The mystery in the novel is made confusing and interesting by the way the novel is told. Richard Shenstone is a complex and difficult narrator who has been rusticated fron Cambridge University because he was instrumental in the death of a fellow student. He is a smoker of opium, seducer (if that's the right word) of a young servant and so, to begin with, I was drawn to the belief that he was untrustworthy in his telling of the story. The events he describes are unpleasant, sordid and cover the breakdown into poverty of Richard's family, the death of his father and abusive threats to various people and livestock around the place he lives. So far so good. In the last quarter or so of the novel, Richard changes after he stops using opium and begins to realise that there is a plot to incriminate him of composing the threatening letters and, even, of murder.
I thought the novel began to weaken towards the end and the story began to unravel a bit. Palliser manages to create a believable set of characters but seems to have allowed the ending of the narrative to fizzle out a little. I didn't think the ending was what the beginning promised. Shame that because otherwise Palliser writes well.
I'm flummoxed by this. I've been waiting a long time (10 years) for more novels from . This has so been worth the wait and the anticipation was completely rewarded. First of all the physicality of this edition - it's an over-sized paperback so feels quite substantial. The pages are a thick, creamy, gorgeous smelling creation. The text format is magnificently worked as a recently discovered journal. I love this kind of novel as I think epistolary/journalistic writings heighten the realism, they do for me anyway. I was completely drawn in from the first sentence. The characters are very realistic and flawed individuals, there are few likeable characters. The story is told through the eyes of a young man returned shamefully from Cambridge under a cloud of his own scandals to find his mother and Sister are struggling with their own. The story is released slowly and tantalisingly over the course of a few weeks. The narrator, Richard is completely unreliable and shown to be a devious, manipulative liar who has an opium habit. I really don't want to say anymore as I do not wish to ruin it for new readers. This is my favourite book of the year so far.

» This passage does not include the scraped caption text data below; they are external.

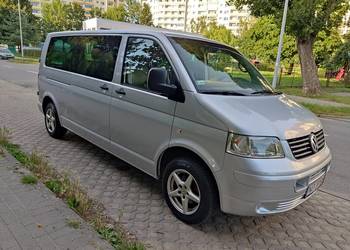 Long VW T5 r2009. poj 1.9tdi 9osob,skrz manual. opłaty,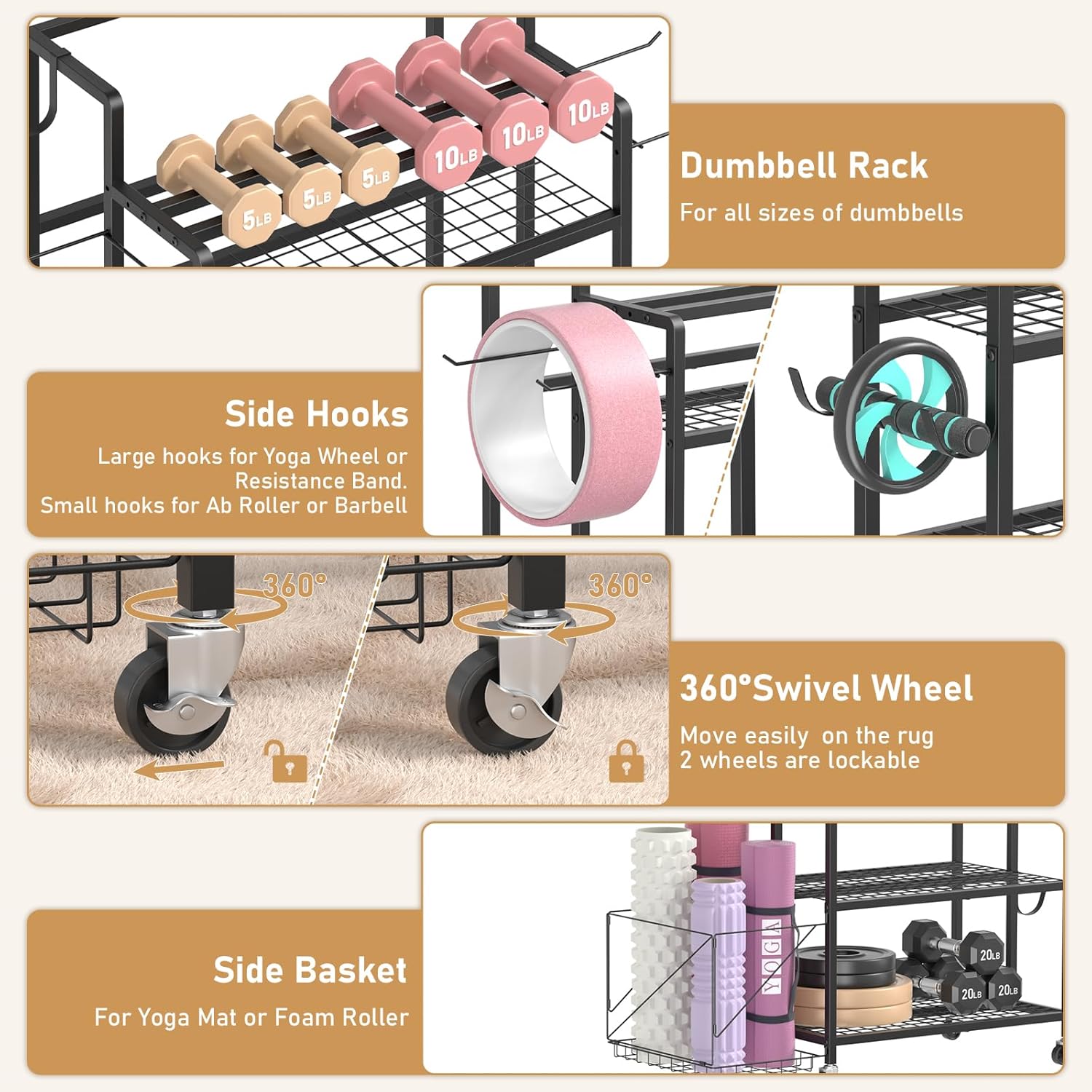 Home Gym Storage, No Material  - Kettlebell 评论和价格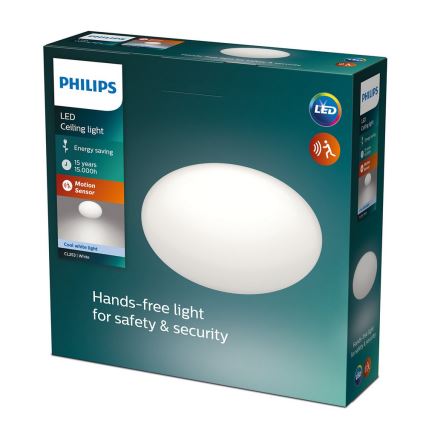Philips - LED Лампа със сензор 1xLED/12W/230V 4000K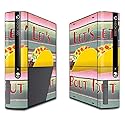 MightySkins Skin Compatible with Microsoft Xbox 360E (3rd Gen) - Lets Taco Bout It | Protective, Durable, and Unique Vinyl wrap Cover | Easy to Apply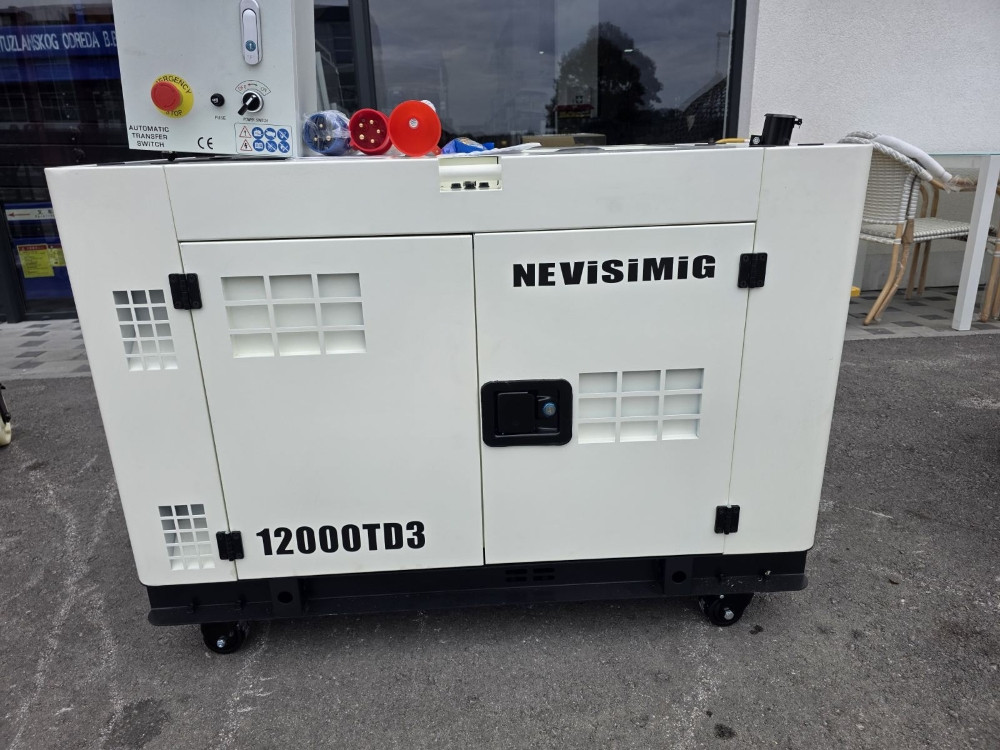 AGREGAT DIZEL 10 KW 10KW 12KVA ATS SILENT GERMANY GARANCIJA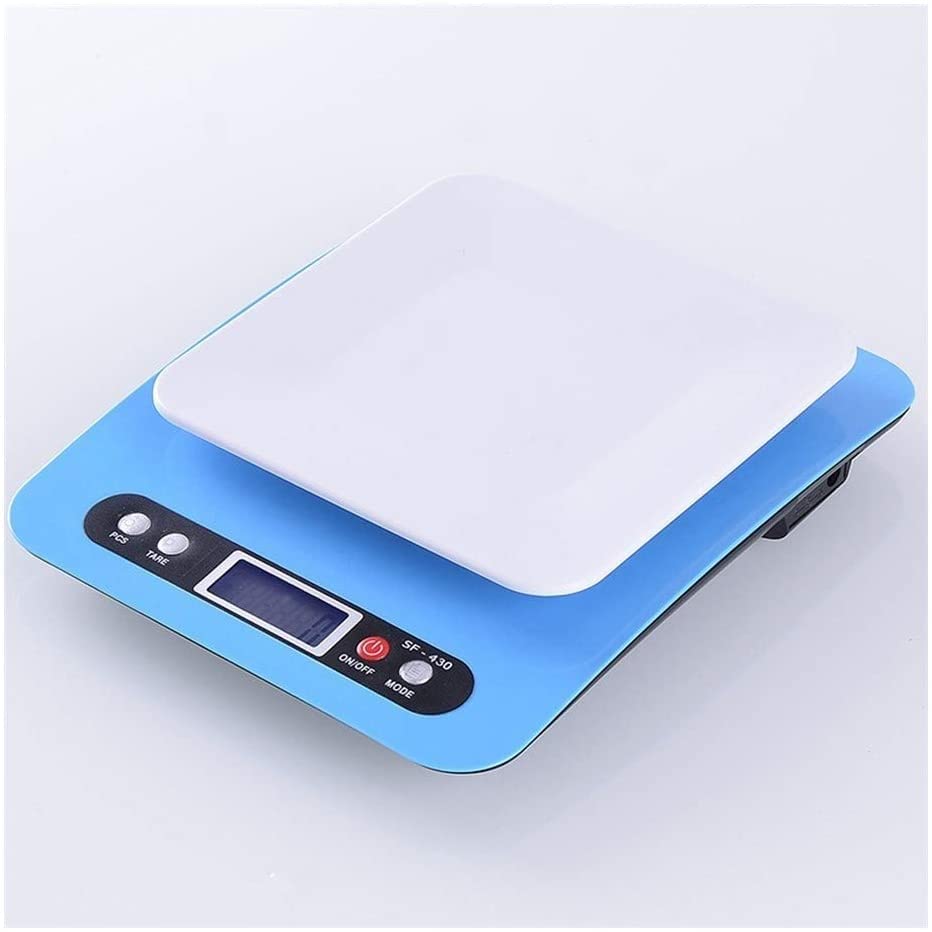 Balance électronique de Haute précision pour la Cuisine, Balance de Cuisson, pesée des Aliments de 10 kg avec rétroéclairage LCD, alimentée par Batterie,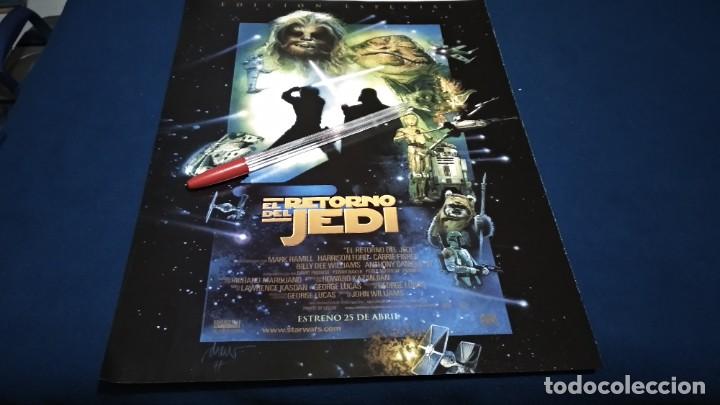 Cinema: PUBLICIDAD EN PRENSA HOJA DE REVISTA ( EL RETORNO DEL JEDI - STAR WARS ) EDICI&Oacute;N ESPECIAL 30X23
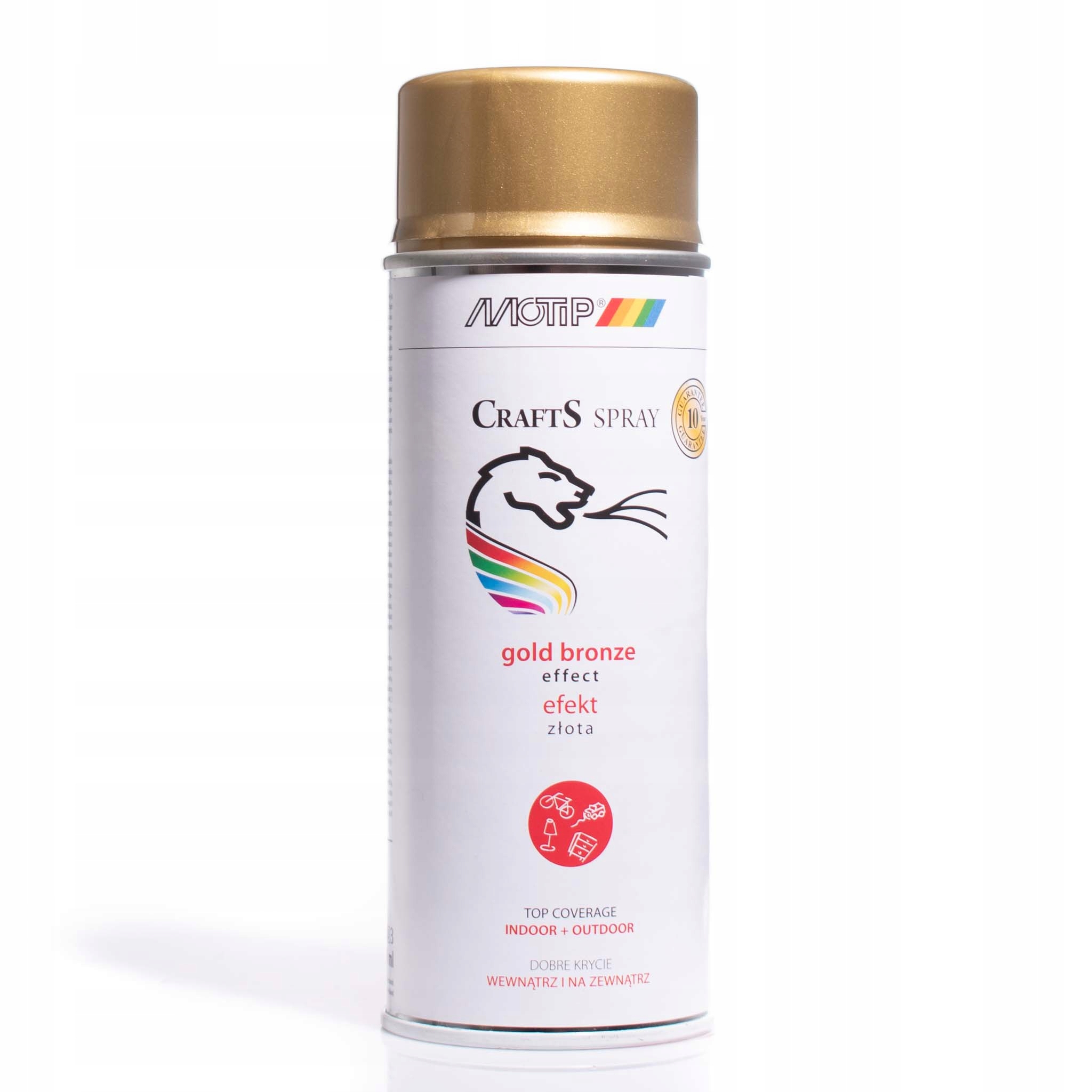 Crafts Lak Spray 400 ml Zlatý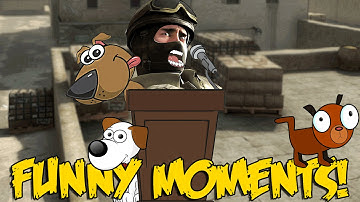 CS:GO FUNNY MOMENTS - MOTIVATIONAL CSGO SPEECH, PRO TIMING, 360 NO SCOPE FAIL  (Funtage)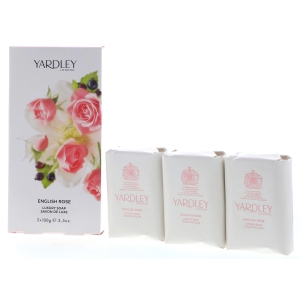 Yardley English Rose Luxury Soap, 100g (Pack of 6)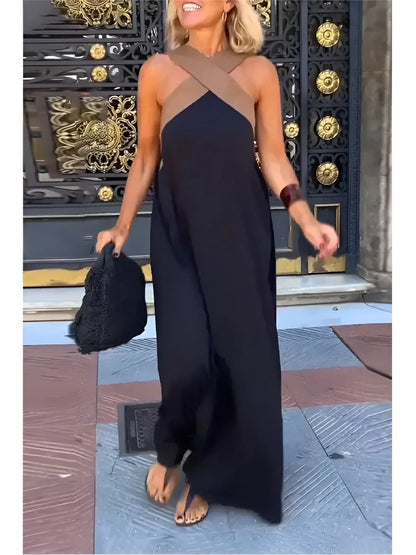 Teresa | Abito Maxi con Incrocio Frontale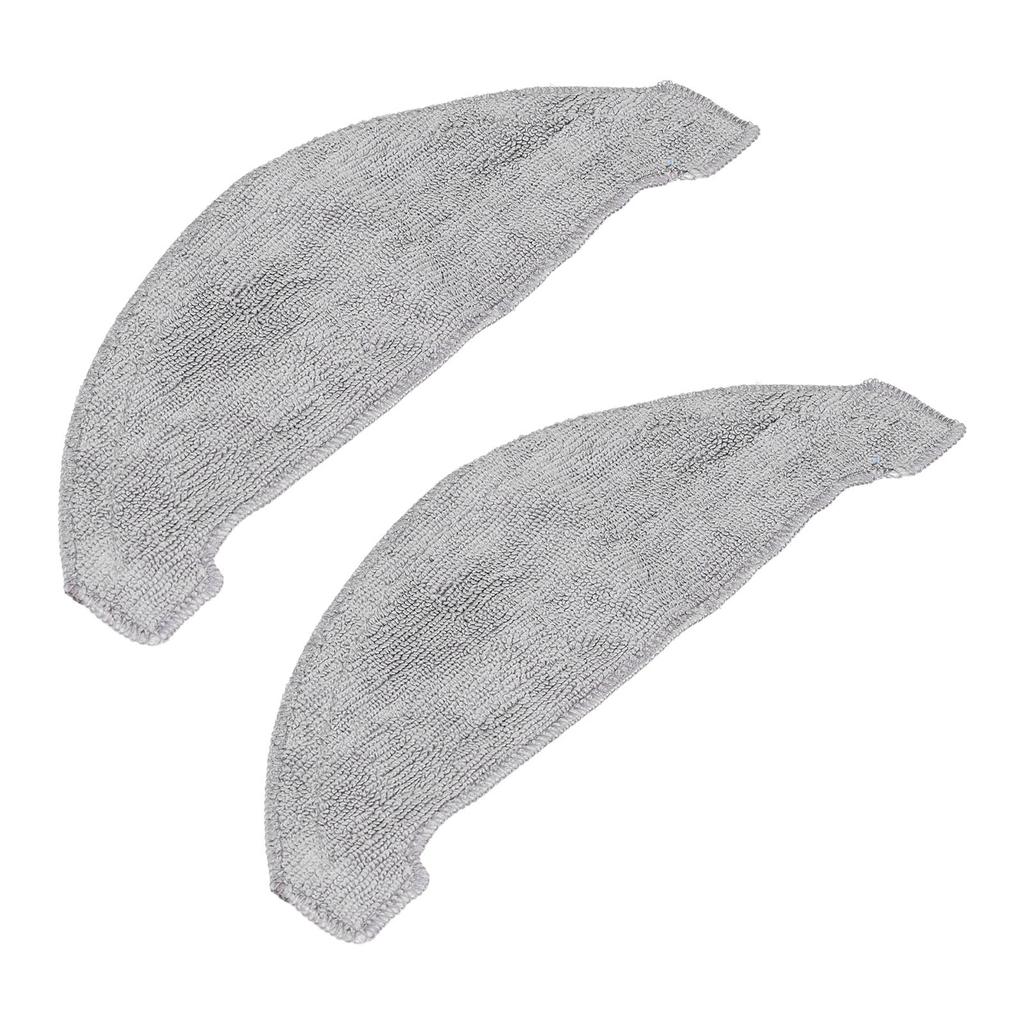 2PCS Mop Cleaning Pad Mopping Cleaning Cloth Replacement Fit for ROIDMI EVE Plus Robot Vacuum Cleaner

One of those potato chip type books--not very good, but crunchy, salty, and hard to stop eating, I mean reading. But despite the intriguing start, it is confused, and (it almost goes without saying) a big ol' letdown at the end. Yet Palliser writes very well and he certainly knows how to conjure up paranoia, and a dark nasty 19th century gothic atmosphere. I wish this book had been a little more meaty. I wish the narrator was more sympathetic and thoughtful. All he does is whine and not understand what is going on. Oh, and take opium.
I wish that all writers would understand that unattractive characters can be quite compelling, and that readers will be happy to make the journey of the novel with a less than perfect character. BUT, truly tedious, shallow, and whiney characters grate on the nerves after a very few pages. I can't stand people like that in my life, so why would I endure chapter after chapter of a wanker like the dude in this story? The guy is a real drag but I had to put up with him so I could find out what the mystery was all about.
I've never read Palliser before, but I certainly will now. Rustication is excellent historical fiction. Atmospheric, well-written, and hard to put down. When Richard Shenstone is sent down from school, and shows up at the creepy, empty house that his poverty-stricken mother and sister have retreated to after his father's ignominious death, you know from the start that things are not going to go well. As the reader begins to grasp the forces that are closing in around him, the tension of Richard's naivete begins to become unbearable. When vicious anonymous notes begin to circulate, and someone starts mutilating animals, things grow steadily worse. As Richard stumbles about, trying to find his way amidst unforgiving and self-righteous neighbors, rumors and gossip, his own actions become suspect, and the reader must decide just how much to trust him. While I thought the ending was just a bit flat, it wasn't enough to ruin the book for me. The story is great, and well worth reading.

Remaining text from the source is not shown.